____ DATA TO USE
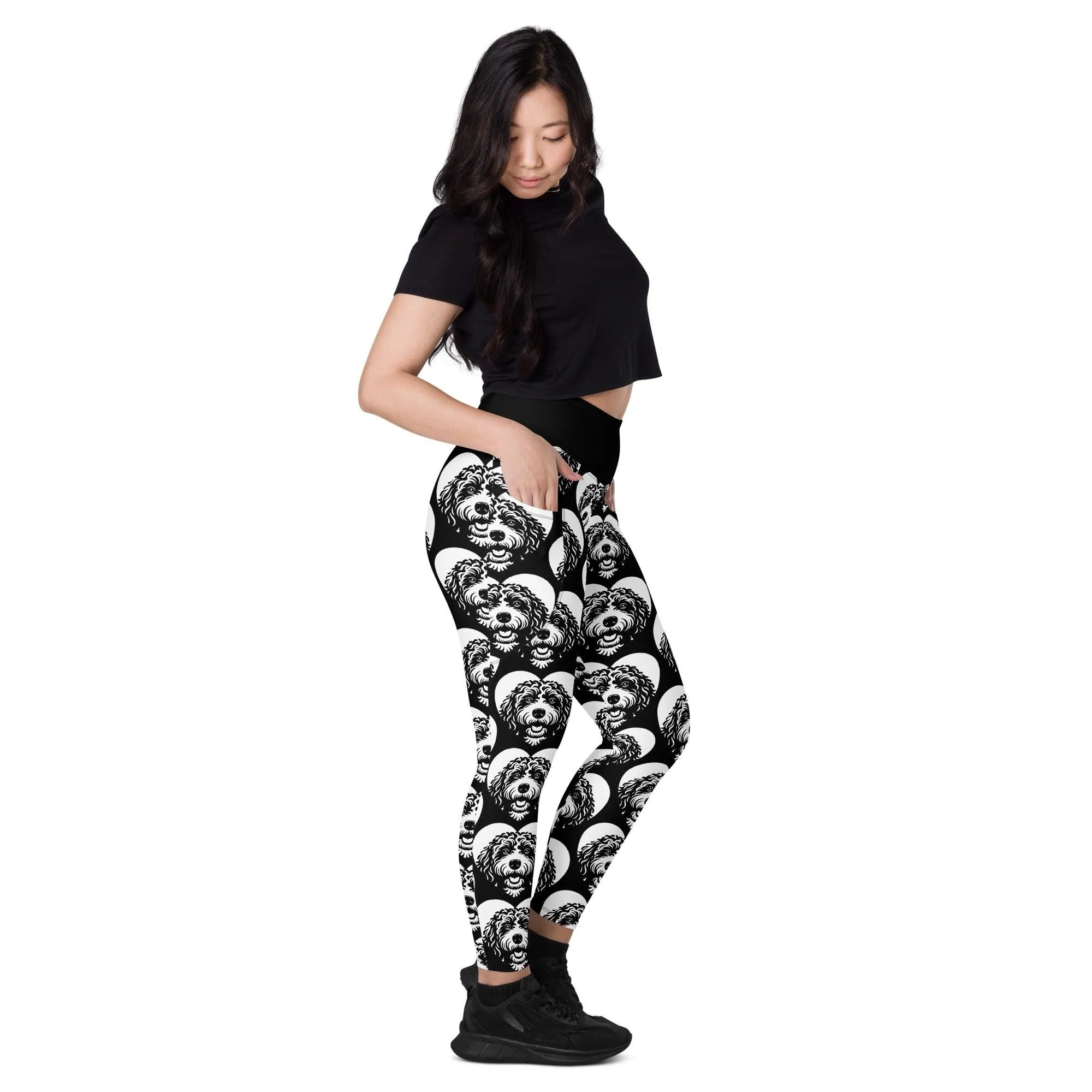 DOG BREED LEGGINGS with pockets - BARBET - HERTTAHOUND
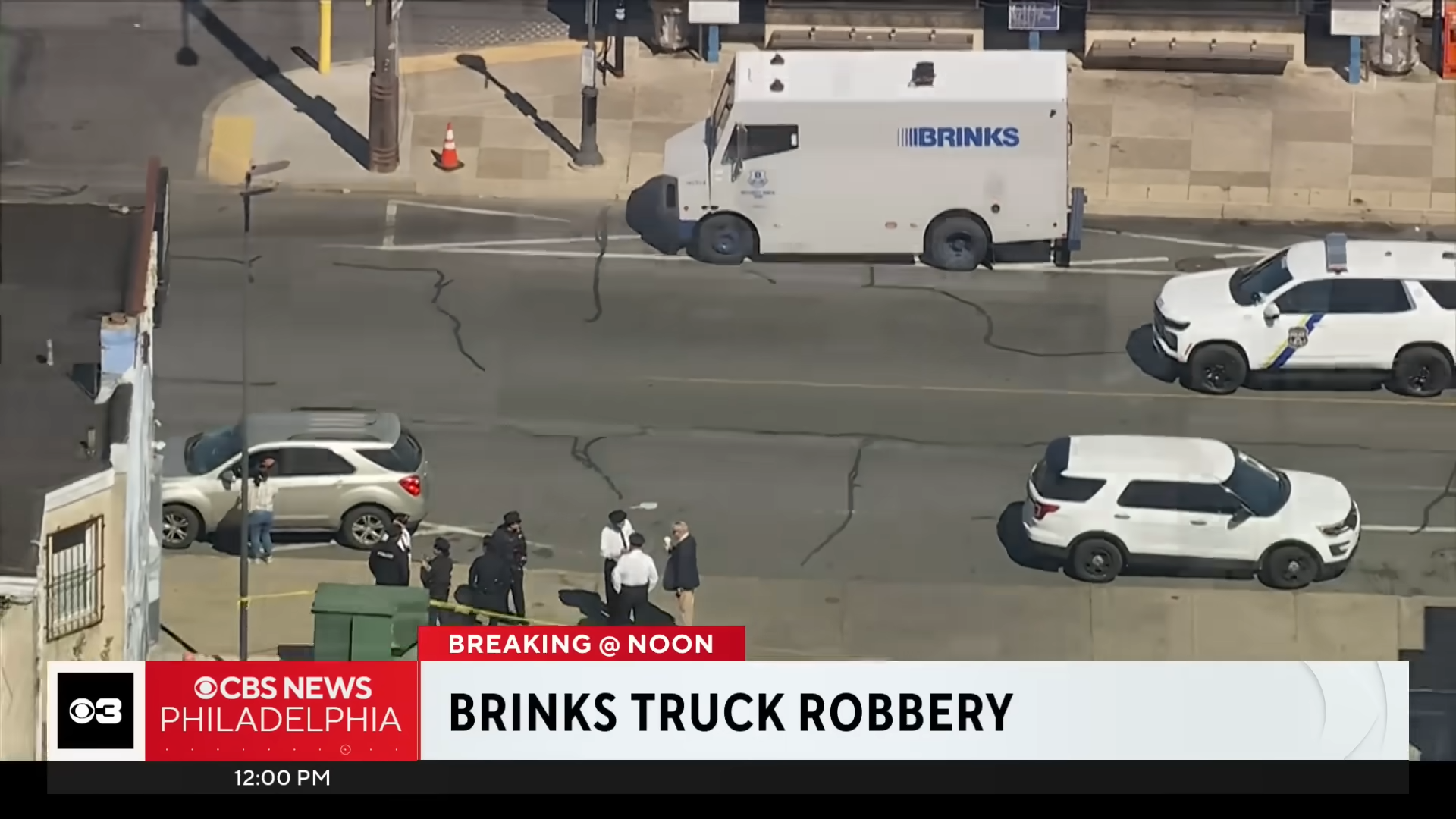 armed men rob truck philadelphia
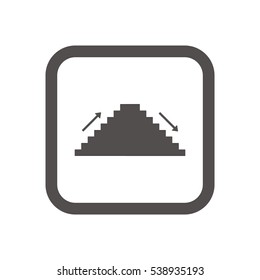 Stairs   icon,  isolated. Flat  design.
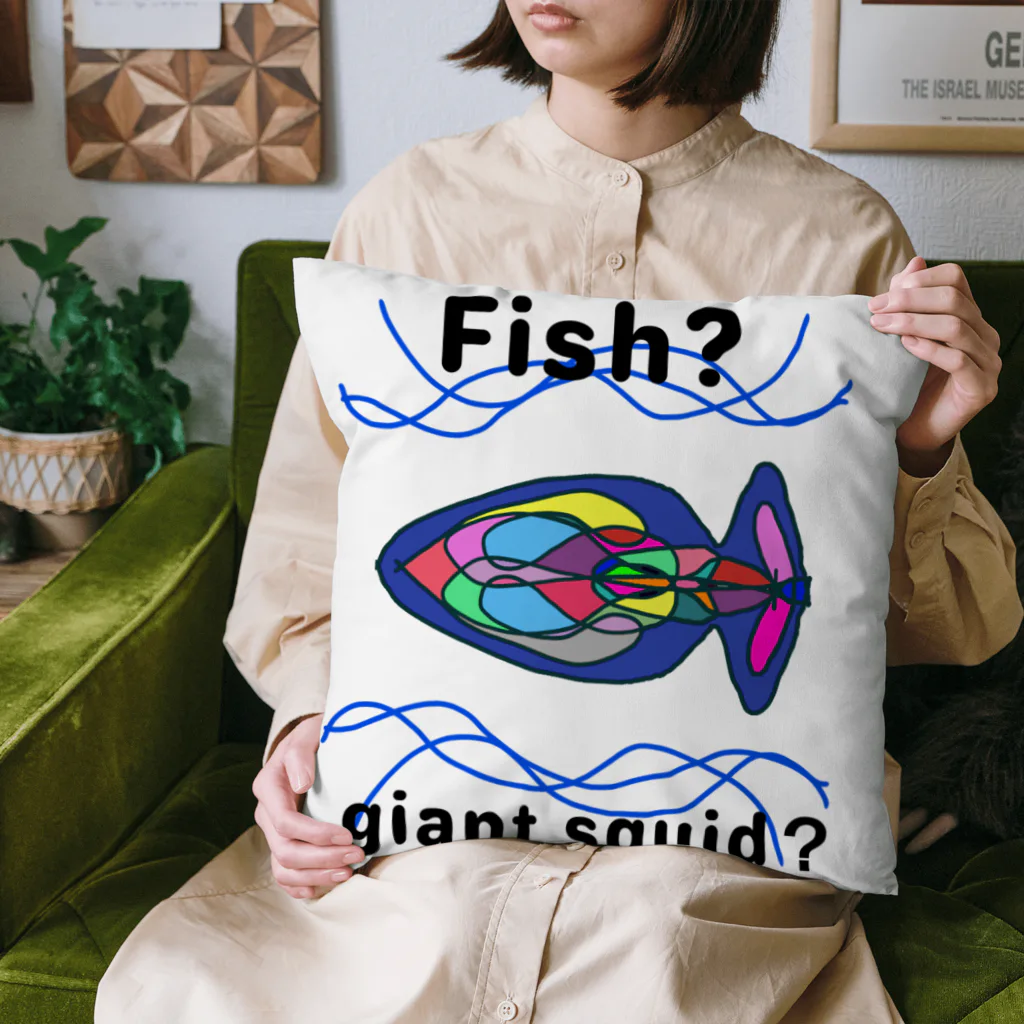 Future Starry Skyのfish?giant squid? クッション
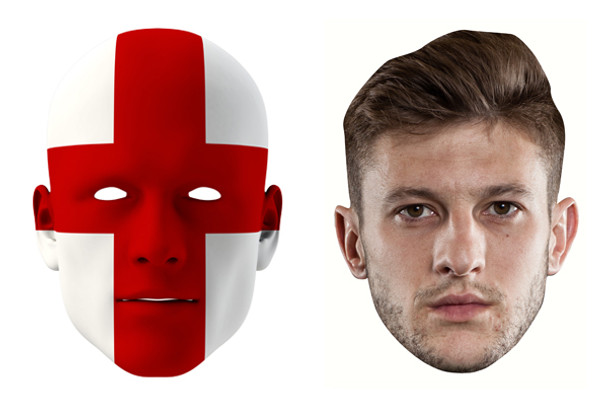 England World Cup Face Mask Pack Lallana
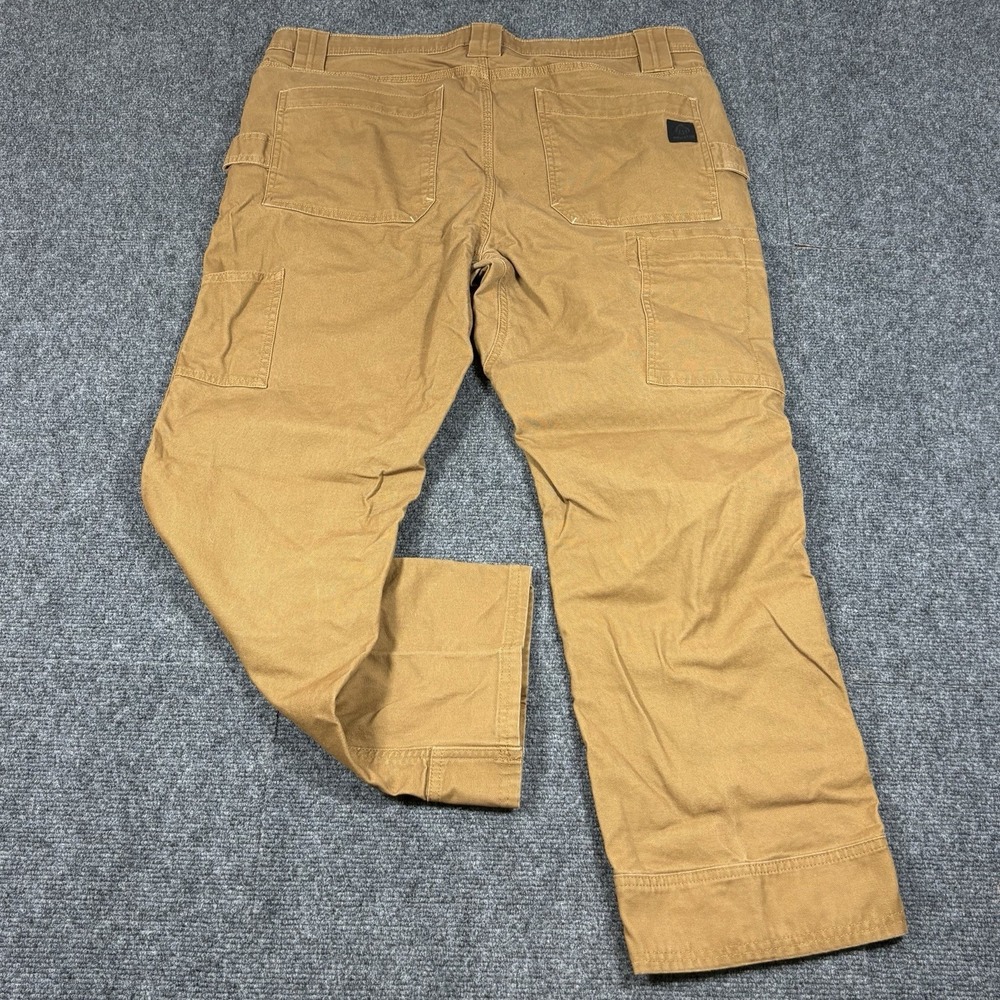Wolverine Pants Canvas Double Knee Workwear Skater Men Fits 38x28 Tan Brown Work View 2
________
:: YOUR ASSIGNMENT ::
Each line from the one that holds "England World Cup Face Mask Pack Lallana" through the end of the entries must be returned exactly, while any pictures stay out.

:: SOLUTION FOR THIS PROBLEM ::
 England World Cup Face Mask Pack Lallana
Wolverine Pants Canvas Double Knee Workwear Skater Men Fits 38x28 Tan Brown Work View 2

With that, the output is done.